_SOURCE INFORMATION_
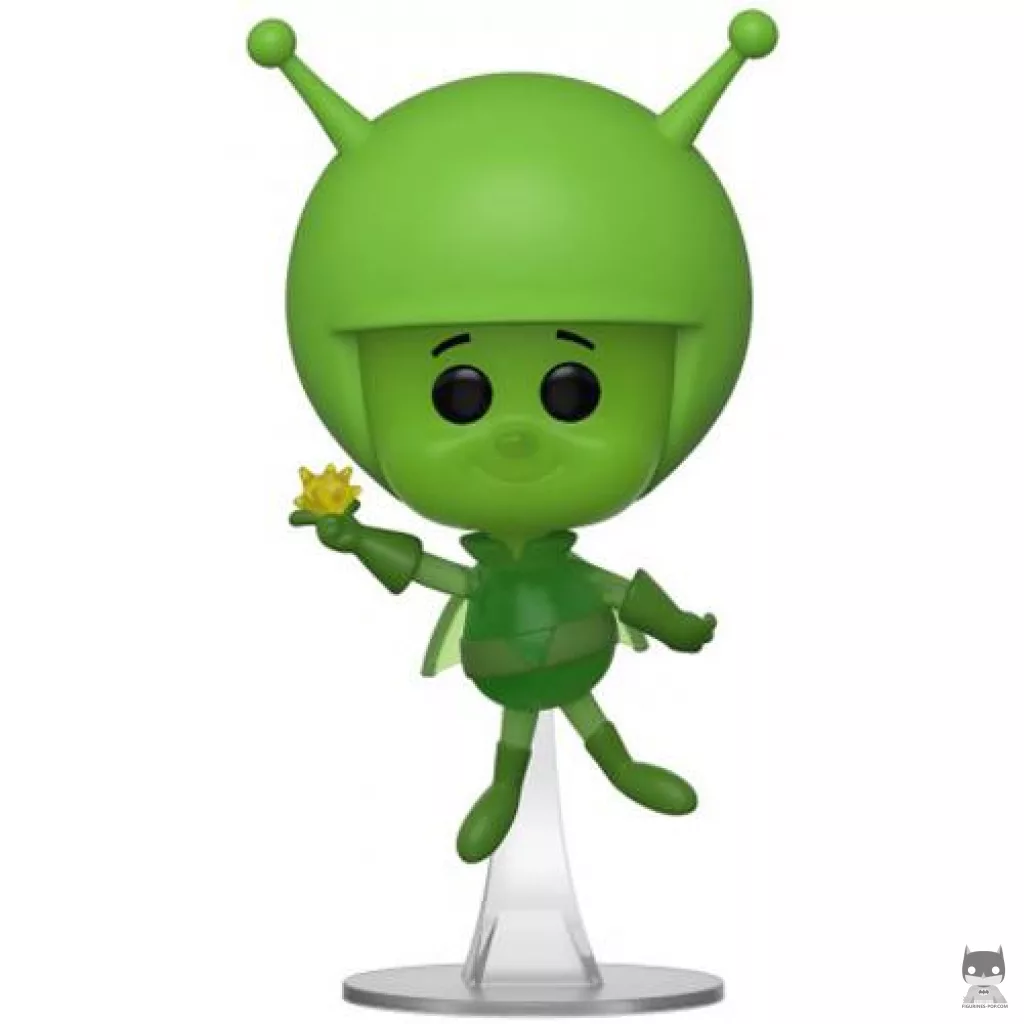 Great Gazoo (Glow in the Dark) Funko Pop! figure (The Flintstones)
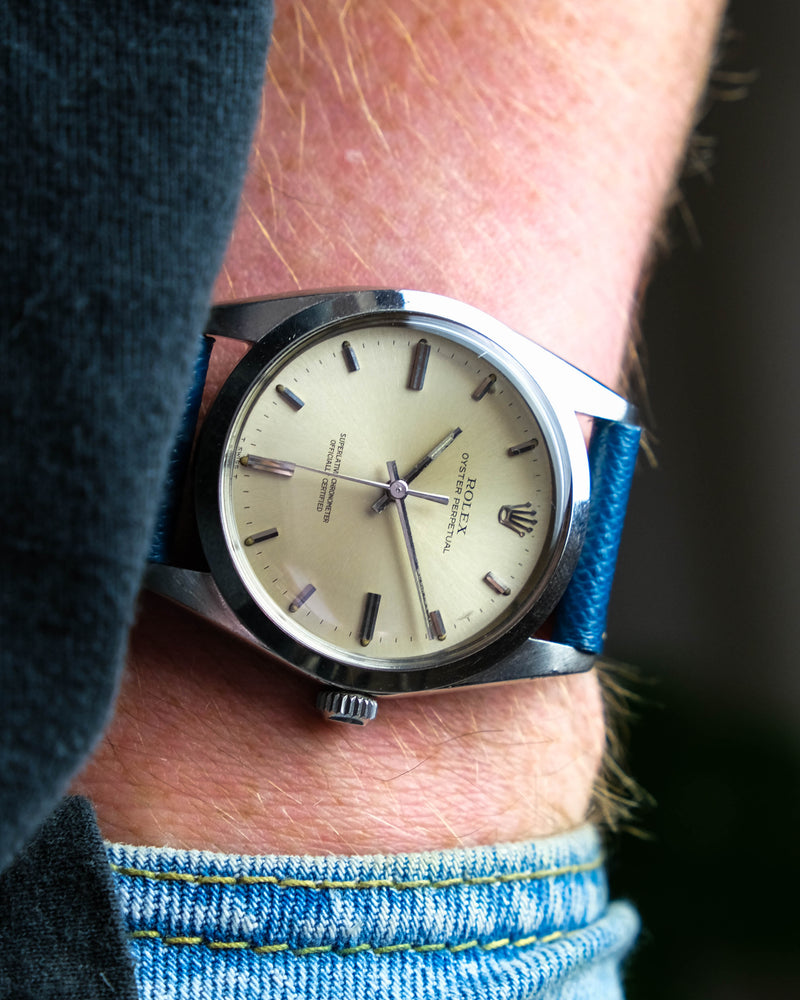 Rolex Oyster perpetual 1018 Jumbo from 1967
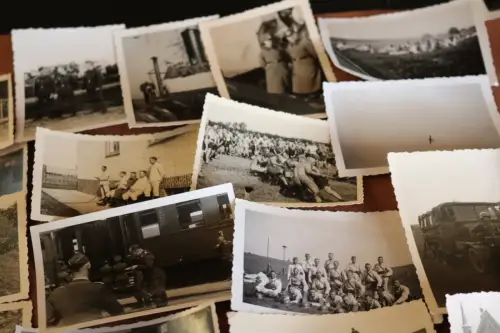 97 alte Fotos eines Soldaten - Heiligenbeil, Gallingen, Stablack Ostpreussen 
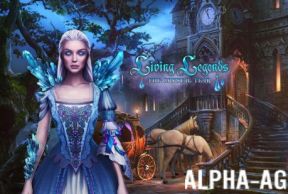 Living Legends: Crystal Tear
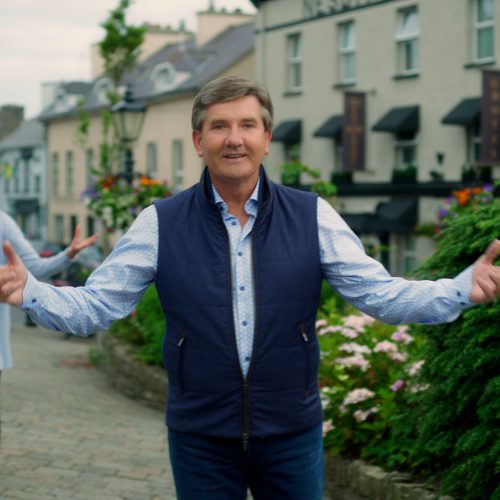 Daniel O'Donnell x Gallaghers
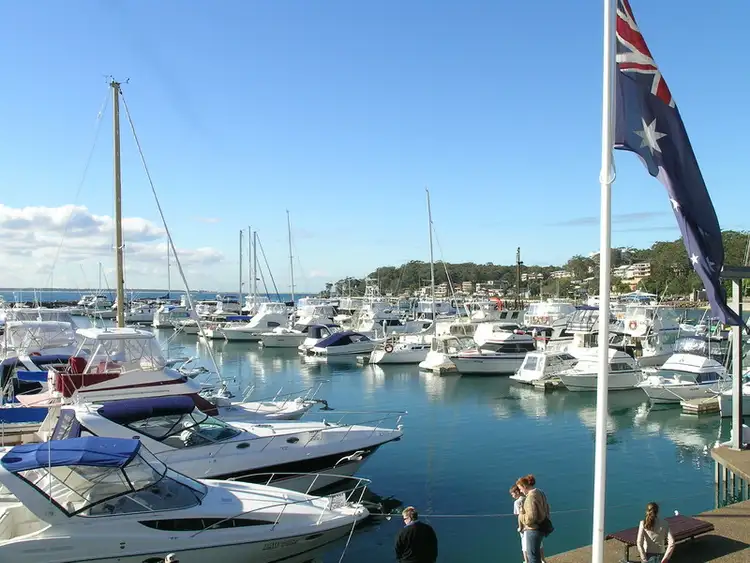 Third view of Homely unit listing, 45/1A Tomaree Street, Nelson Bay NSW 2315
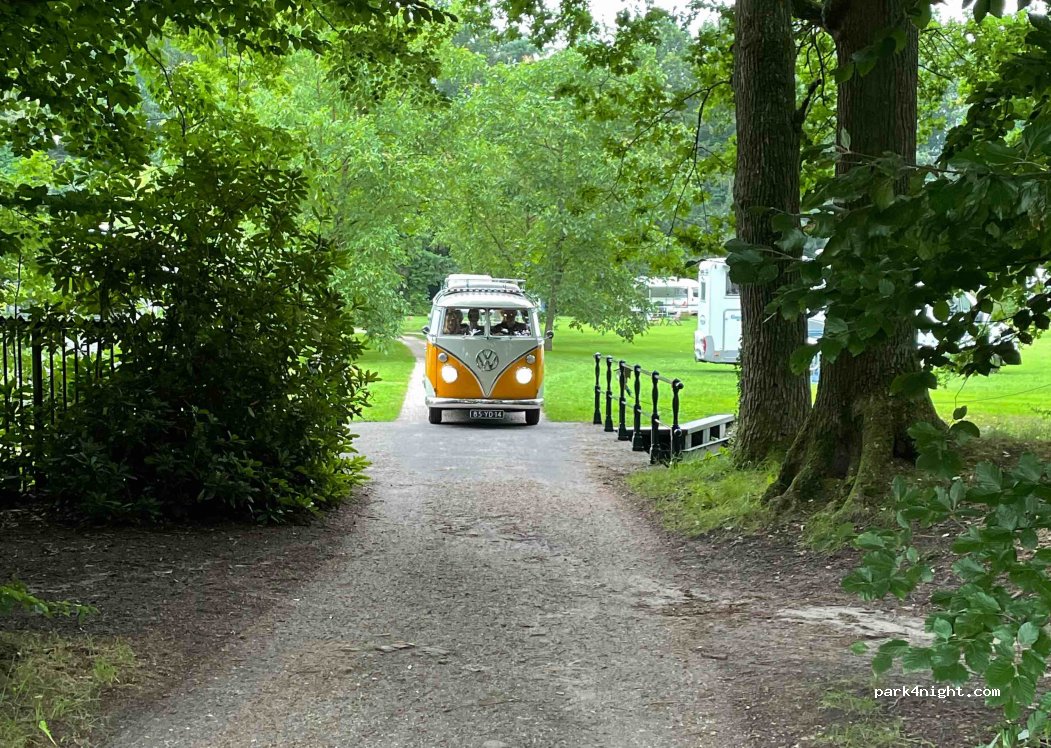 Camping Landgoed — foto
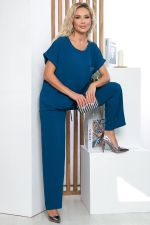 Костюм "Джанин" (индиго) К5312 LT Collection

_EXERCISE BRIEF_
A word-for-word retyping of the material above is expected, without pictures.

_RESULT OF THE TASK_
 Great Gazoo (Glow in the Dark) Funko Pop! figure (The Flintstones)
 Rolex Oyster perpetual 1018 Jumbo from 1967
 97 alte Fotos eines Soldaten - Heiligenbeil, Gallingen, Stablack Ostpreussen 
 Living Legends: Crystal Tear
 Daniel O'Donnell x Gallaghers
 Third view of Homely unit listing, 45/1A Tomaree Street, Nelson Bay NSW 2315
 Camping Landgoed — foto
 Костюм "Джанин" (индиго) К5312 LT Collection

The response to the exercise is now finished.